By Rodney Lester
Australia’s wealth and finance sectors will be put under the spotlight next week when the CEO’s of major institutions will start appearing before the house economics committee. These sessions, which are to become an annual occurrence, have been seen as an attempt by the Turnbull government to ward off the popular calls for a banking Royal Commission by Labor and others.
Although “aggressive” questioning is expected, one could be forgiven for thinking this process is just as much political theatre as opponents of a Royal Commission say that would be. There is an acknowledged “trust gap” between the banks and the public - will the sight of CEO’s possibly squirming under scrutiny do anything to change that? If it is an opportunity for the industry to outline what they are doing about this perception problem, is it anything more than an advertorial showcase put on by the government with some very expensive talent delivering the key messages?
TRUST IS AN ISSUE
A recent global study into banks by Ernst & Young has indicated a global lack of trust in banks, particularly when it comes to banks giving unbiased advice. In Australia, only 36% of the traditional banking sectors own clients said they had complete trust in their bank. Just over 50% trusted the banks to keep their money safe, but only 1 in 5 customers trusted the banks to give them unbiased advice and to put their (clients) interests first.
Call me naïve – but I find that astonishing. We are all aware that a business has to make a buck, but now 80% of a bank’s own customers expect that a bank is not primarily looking out for their best interests – but rather, trying to squeeze as much money from the client as possible.
This is now just what the vast majority of us expect from our banks!
That is some perception problem.
WHAT IS GOING ON?
Evidence would suggest it’s not just a perception thing. Fairfax reported that “Poor Behaviour” by major banks in recent years has seen more than $200 million in payouts and compensation go back the consumers in the last financial year. CBA, NAB and Macquarie have all instigated compensation schemes for their clients who have suffered from their “poor behaviour”. The government own MP, Warren Entsch has called it “Bank Bastardry” and it would be hard not to agree, given it does seem in many cases like systemic misconduct.
In a story in the Australian, new Reserve Bank Governor Phillip Lowe pointed out that banks have been shielding their shareholders from the costs incurred resulting from the GFC. Profits and return on equity could have been lowered, but that had not happened. Banks have held on to their profits by doing things such as keeping rates on credit cards high, keeping a larger spread on small business loan rates and not passing on the full reserve bank interest rate cuts. According to Lowe: “My assessment is that borrowers have largely borne the cost…not the shareholders of the banks, and it’s an interesting question about who should ultimately bear the cost”.
INDUSTRY TRYING HARDER
In lieu of the bad publicity it has received, the industry has taken steps to reassure the public it is recognising the error of its ways and is on the right track. Chief lobby group for the industry, the Australian Bankers Association said the banks had agreed to “New hiring protocols” for financial advisers to try to weed out “bad apples” during the hiring process. In efforts to remove what is seen as a negative “sales” culture, Westpac has announced that it will be removing all product related incentives from tellers, incentives will now be based solely on customer service.

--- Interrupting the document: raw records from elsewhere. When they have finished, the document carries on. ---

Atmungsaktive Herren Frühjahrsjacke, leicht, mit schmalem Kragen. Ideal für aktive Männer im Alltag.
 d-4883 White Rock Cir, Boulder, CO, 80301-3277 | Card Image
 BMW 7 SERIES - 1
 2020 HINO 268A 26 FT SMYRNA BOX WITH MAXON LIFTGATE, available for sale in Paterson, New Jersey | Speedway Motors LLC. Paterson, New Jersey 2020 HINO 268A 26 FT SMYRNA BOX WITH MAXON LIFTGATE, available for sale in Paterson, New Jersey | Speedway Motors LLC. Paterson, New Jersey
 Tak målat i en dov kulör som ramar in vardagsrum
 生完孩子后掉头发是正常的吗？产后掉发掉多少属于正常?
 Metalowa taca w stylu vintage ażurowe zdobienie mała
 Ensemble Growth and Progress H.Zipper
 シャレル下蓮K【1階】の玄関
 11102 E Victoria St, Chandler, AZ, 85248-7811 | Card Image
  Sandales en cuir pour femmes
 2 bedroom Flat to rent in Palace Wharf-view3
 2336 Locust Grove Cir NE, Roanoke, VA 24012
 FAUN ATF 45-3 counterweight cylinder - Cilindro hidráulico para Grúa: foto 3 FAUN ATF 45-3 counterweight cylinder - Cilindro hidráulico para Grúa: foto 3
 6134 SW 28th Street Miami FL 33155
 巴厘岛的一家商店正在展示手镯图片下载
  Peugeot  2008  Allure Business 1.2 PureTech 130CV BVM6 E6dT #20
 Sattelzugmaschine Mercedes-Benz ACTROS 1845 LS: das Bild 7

Another who is saying the industry is getting back on the correct path is the chair of the house committee that will be grilling the banks. Liberal MP David Coleman, a former Director at Yellow Brick Road said ‘the government had already announced a range of reforms to improve the educational, training and ethical standards of financial advisors, in response to the Financial System Inquiry and other reports.’
So we don’t need a Royal Commission, and by the sounds of it, we don’t need this house committee session either.
It’s true that consumers have been mal-treated by the industry. Compensation schemes attest to that fact. It is also true we have had many inquiries, reports and hearings on the problems within the industry, and steps have been taken to remedy the situation – funnily enough, the compensation schemes attest to that as well. We’ll have to wait and see what happens next week – will it be just a cathartic exercise in big bank bashing that satisfies critics, or an advertorial opportunity for the industry and government to show how on top of the industry’s problems they are. Or maybe something in between.
Ultimately, as is often the case, the judgement will be made by “old man time” – the proof will be in the pudding. If the scandals stop, it will be proof enough the industry has lifted its game, if they continue, more action may need to be taken.